On a working retreat in November, a new stupa was built at Akashavana retreat centre, Spain, containing the ashes of Dhardo Rinpoche, one of Sangharakshita’s main teachers.

This stupa joins a number of other stupas dedicated to Dhardo Rinpoche across our community in retreat centres such as Tiratanaloka, Padmaloka and Vajrasana in the UK, Aryaloka (USA), Vimaladhatu (Germany), Guhyaloka (Spain), and Sudarshanaloka (New Zealand). Dhardo Rinpoche and Sangharakshita developed a strong friendship over the many years Sangharakshita lived in Kalimpong. Sangharakshita came to see Dhardo Rinpoche as a ‘living bodhisattva’ and received the bodhisattva ordination from him in 1962.

The stupa at Akashavana was built with the help of Tracey Blackwell, a talented dry stonewall builder with more than two decades' experience.

Mumukshu from the Akashavana community writes:

Maitreyi led the practice and ritual side, which perfectly held all the hard work within a sense of the sacred and timeless. Dhardo’s ashes had been sitting on the shrine in the community for seven or eight years waiting for the right moment.

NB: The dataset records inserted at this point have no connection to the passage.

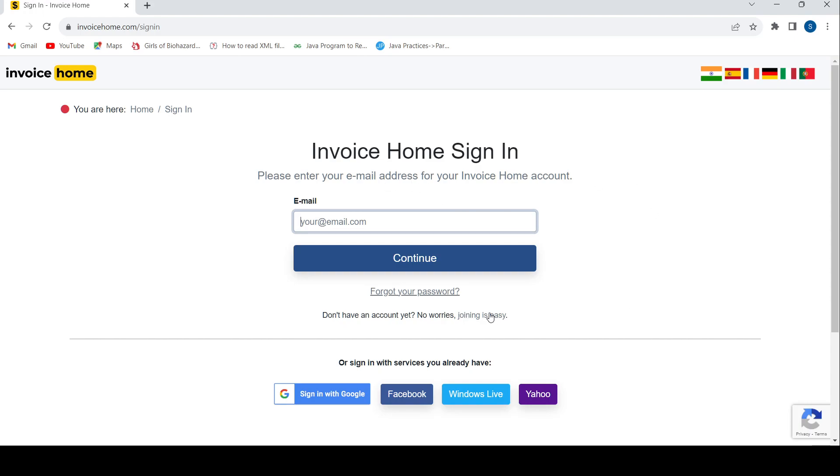If you don't have an Invoice Home account, you can use this link to make a new account. That's it, thanks for watching the video. If you have any other questions, leave them in the comment section.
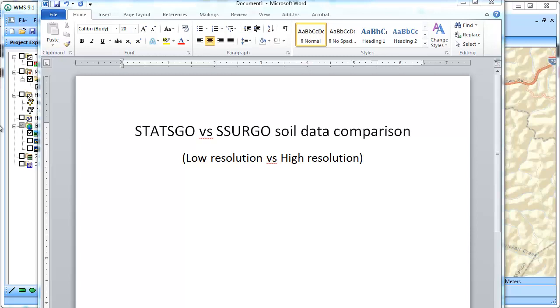This video is a recording that compares the difference between STATSGO and SURGO soil data. Both are GIS datasets that identify the soil type in an area.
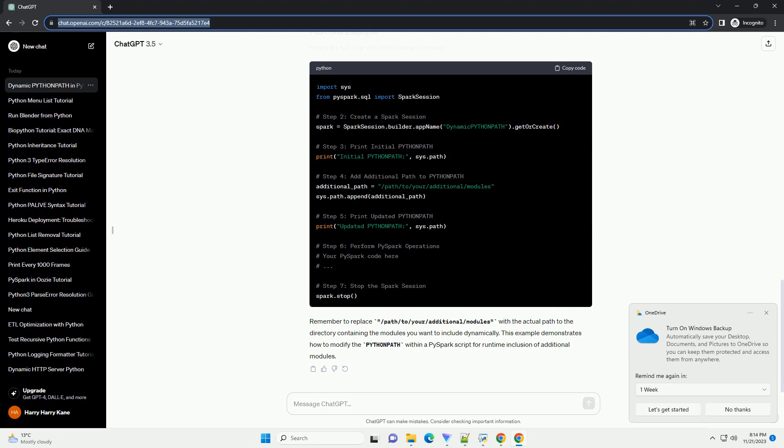Finally, don't forget to stop the Spark session to release resources. Here's the full code with all the steps combined.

The design for it was inspired by the many ancient dry stone structures I had been noticing in this area of Spain (a corner of Aragón, called Matarraña), but it also evolved as we worked, led by Tracey’s expertise with stone construction and load-bearing. There were 14 of us on the retreat, including four of the newly ordained women from Mexico, and Siddhisvari cooking us wonderful meals.

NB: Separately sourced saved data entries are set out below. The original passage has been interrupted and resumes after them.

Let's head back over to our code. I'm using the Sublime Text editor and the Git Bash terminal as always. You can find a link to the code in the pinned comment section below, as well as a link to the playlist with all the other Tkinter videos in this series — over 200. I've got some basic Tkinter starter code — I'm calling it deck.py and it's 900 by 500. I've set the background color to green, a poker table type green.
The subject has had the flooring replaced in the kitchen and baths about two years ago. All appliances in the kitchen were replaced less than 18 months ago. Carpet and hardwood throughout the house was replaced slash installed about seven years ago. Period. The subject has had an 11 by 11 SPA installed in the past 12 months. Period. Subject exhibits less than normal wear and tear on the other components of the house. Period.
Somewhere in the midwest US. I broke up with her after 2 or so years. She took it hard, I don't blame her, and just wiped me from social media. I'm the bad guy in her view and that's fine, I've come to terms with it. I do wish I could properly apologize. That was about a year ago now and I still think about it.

A double vajra was buried at the base, with a metal pole connecting it up to the ‘flaming drop’, so the stones that make up the cone were threaded onto the pole, with holes drilled through them. The ashes were placed inside at the top of the ‘bell’ below the cone, in a special ritual, and earlier, offerings that had been sent or brought out were also placed inside.
 

It was physically demanding work, collecting the stones, mixing cement, dressing the stones and putting them in place, and we had very little free time, but the day was punctuated with practice and ritual so that the whole felt somehow outside of time and space.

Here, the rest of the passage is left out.